Static Application Security Testing (SAST)

SAST tools perform analysis of source code and (ideally) dependent packages to identify vulnerabilities.

Some examples of these tools include:

These tools will generate reports. Ideally, the tool would have a mechanism that can report back to the CI/CD/CT pipeline invoking it regarding whether there were any critical or high vulnerabilities identified. Your organization’s minimum level of “clean” reports may vary.

Tools in this space will often have the ability to make language style recommendations or coding standards enforcement. This can get annoying for developers who aren’t used to the style being enforced, but can automate the more mundane aspects of code reviews.

Dynamic Application Security Testing (DAST)

Dynamic Application Security Testing (DAST) is a security testing method used to identify vulnerabilities in a running application by simulating attacks, such as SQL injection, cross-site scripting, and other common vulnerabilities. These types of tools can only detect known vulnerabilities. The catalog of “known vulnerabilities” would typically come from one of the public vulnerability databases (see below). DAST tools evaluate an application, API, service, etc from an external perspective, without needing access to the source code. In this way, you are simulating what an attacker would be doing or looking for while exploring your software system for a weakness that could be exploited.

Ideally, a new build would have a temporary environment spun up and these tools would be run against that to detect vulnerabilities/issues. These tools usually come in the form of a known-vulnerability scanner.

These tools will generate reports. Ideally, the tool would have a mechanism that can report back to the CI/CD pipeline invoking it regarding whether there were any critical or high vulnerabilities identified. Your organization’s minimum level of “clean” reports may vary.

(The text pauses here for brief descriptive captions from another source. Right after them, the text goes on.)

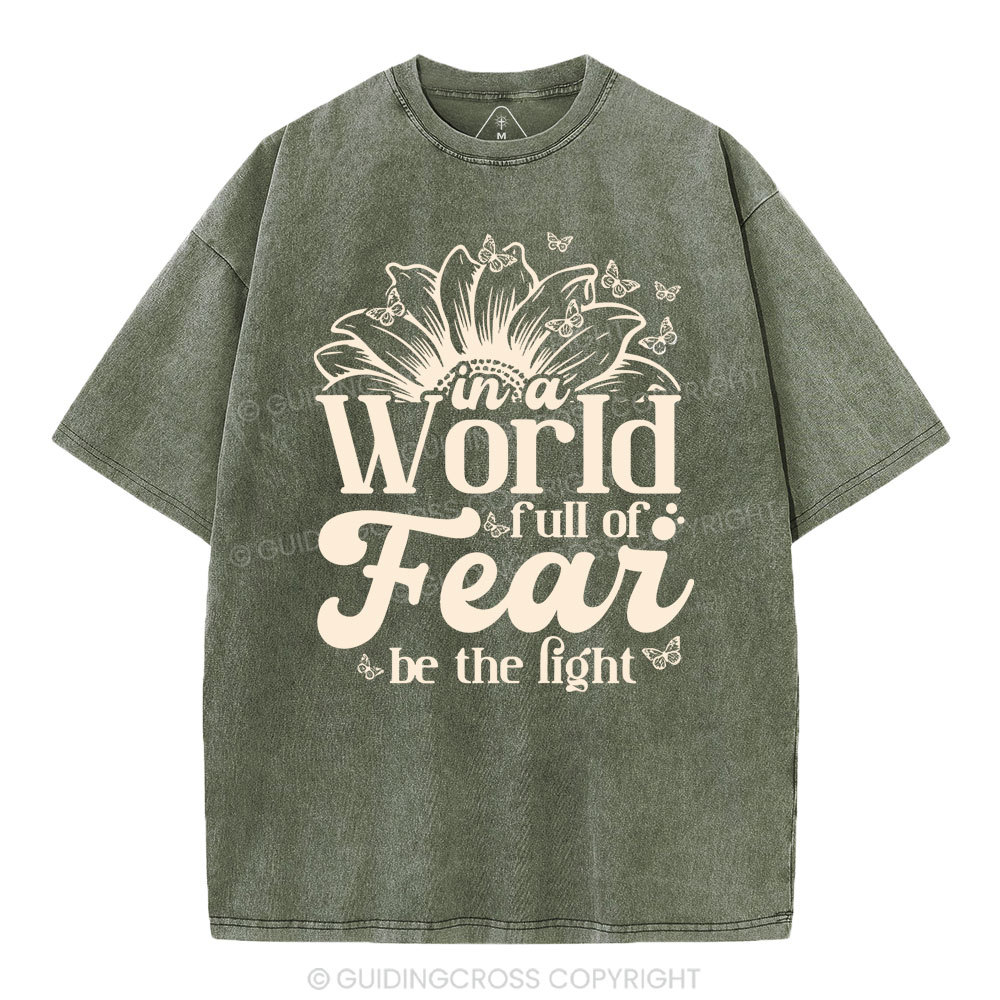 In A World Full Of Fear Christian Washed T-Shirt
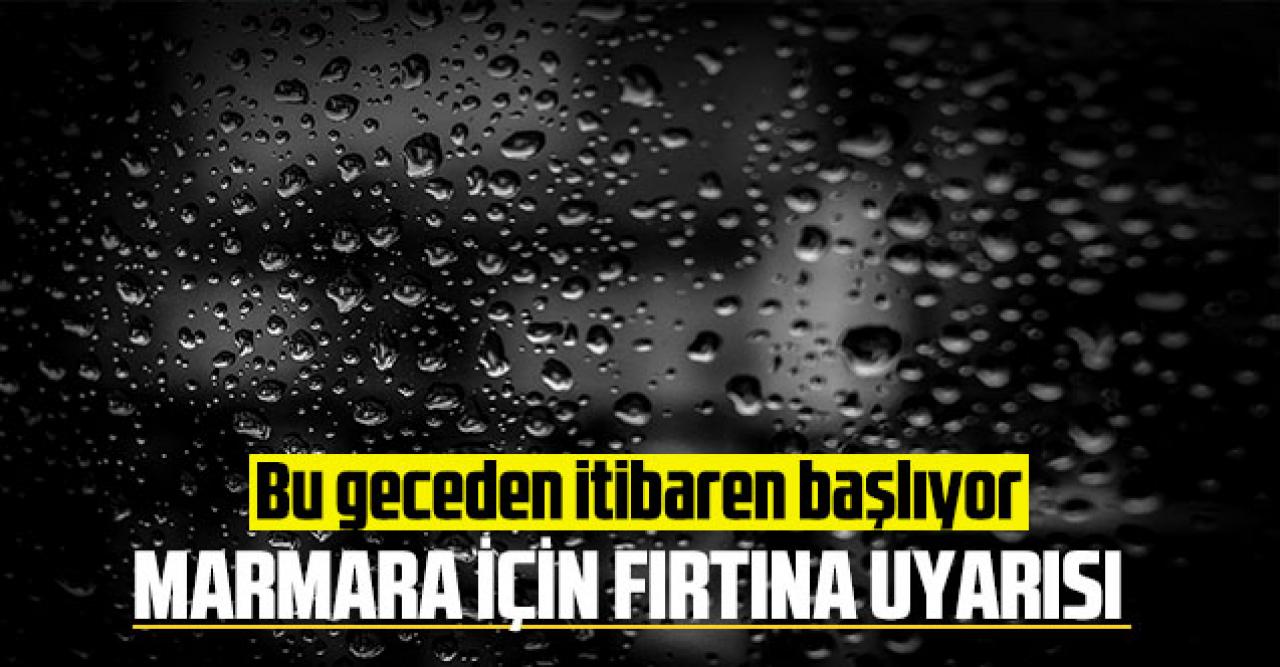 Marmara için fırtına uyarısı: Bu geceden itibaren başlıyor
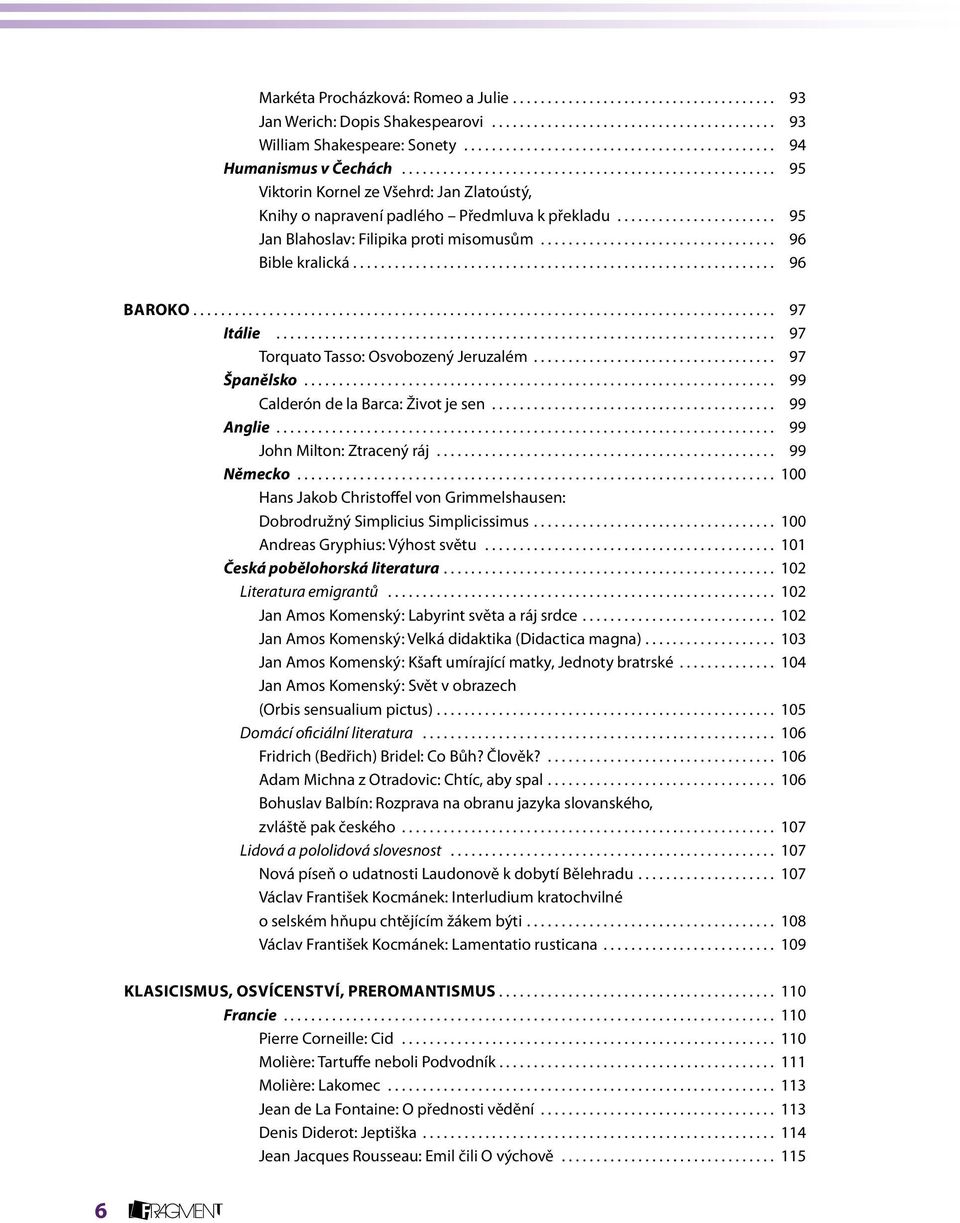 ...................... 95 Jan Blahoslav: Filipika proti misomusům.................................. 96 Bible kralická... 96 Baroko... 97 Itálie........................................................................ 97 Torquato Tasso: Osvobozený Jeruzalém.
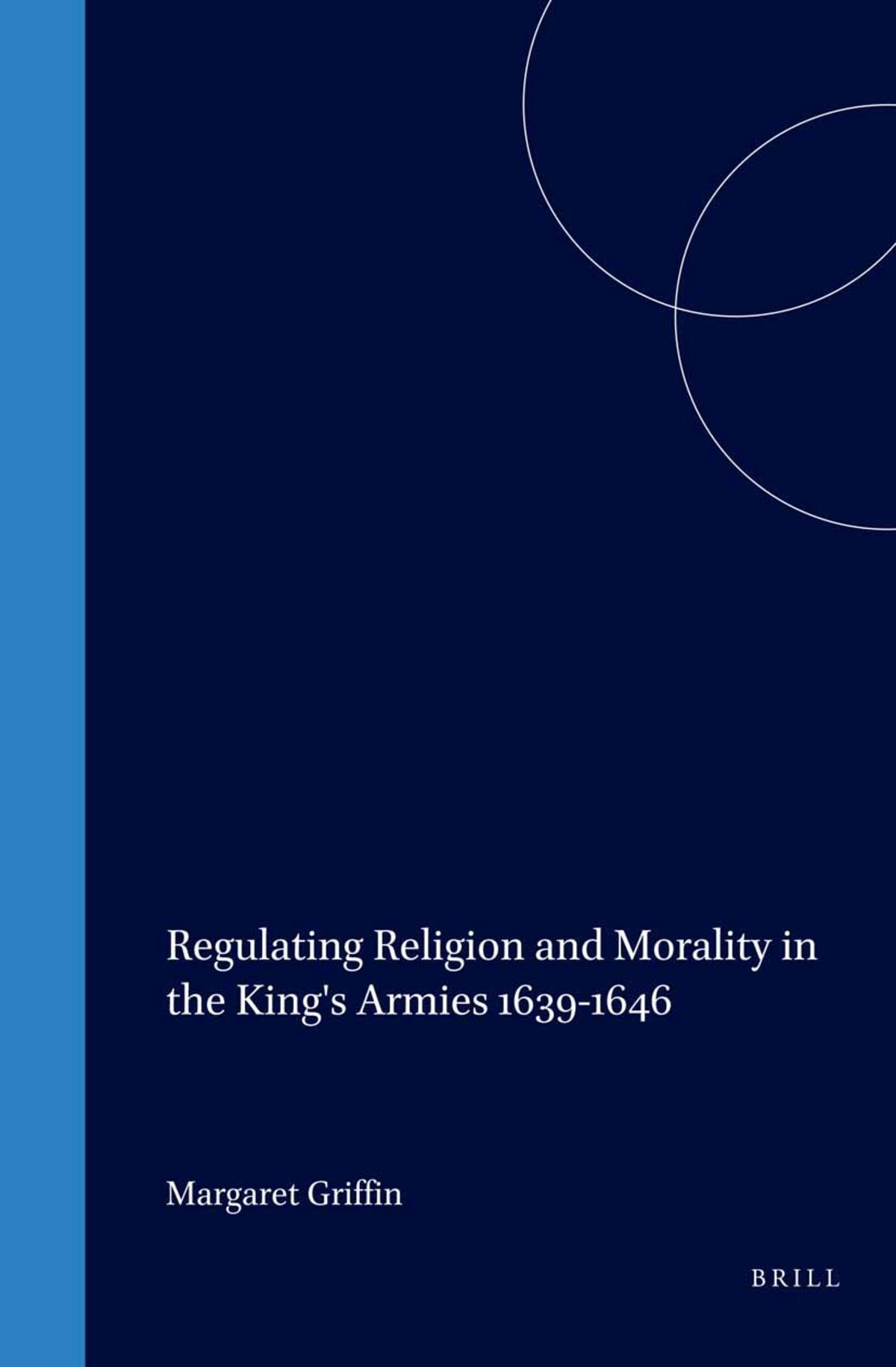 Cover image for Regulating Religion and Morality in the King's Armies 1639-1646 ISBN 9789004131705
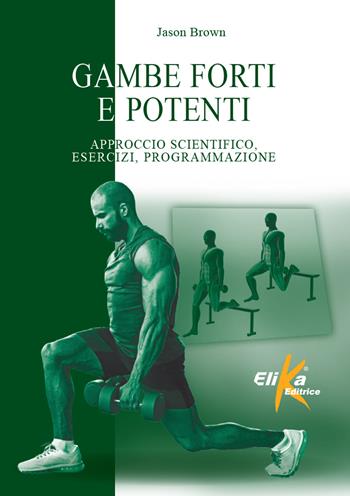 Gambe forti e potenti. Approccio scientifico, esercizi, programmazione - Jason Brown - Libro Elika 2024, I grandi manuali dello sport | Libraccio.it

Software Composition Analysis (SCA)

This is some time referred to as dependency vulnerability tracking. The tool will analyze the packaging tool manifest (for example, package.json for npm) and compare that list of dependent packages (and the dependencies of those packages, and so on) against a list of known vulnerabilities, licensing issues, and security issues. If any vulnerabilities are found, then it makes recommendations about which package version to upgrade to. The more sophisticated tools will be able to automatically upgrade the packages. For something like GitHub Dependabot, it can even open Pull Requests (PRs, or Merge Requests, MRs, for the GitLab community) with the required upgrades. If you are not using a tool like this, then, there may be some manual steps involved in updating packages, submitting PRs, and approving PRs. However, once the PR is approved, all of the automated pipeline steps described in this step should automatically happen.

For licensing issues that are identified, the solution may require a more involved process to identify an alternative package with similar functionality that has the desired licensing terms.

A report of what was updated should be generated and be available for later review.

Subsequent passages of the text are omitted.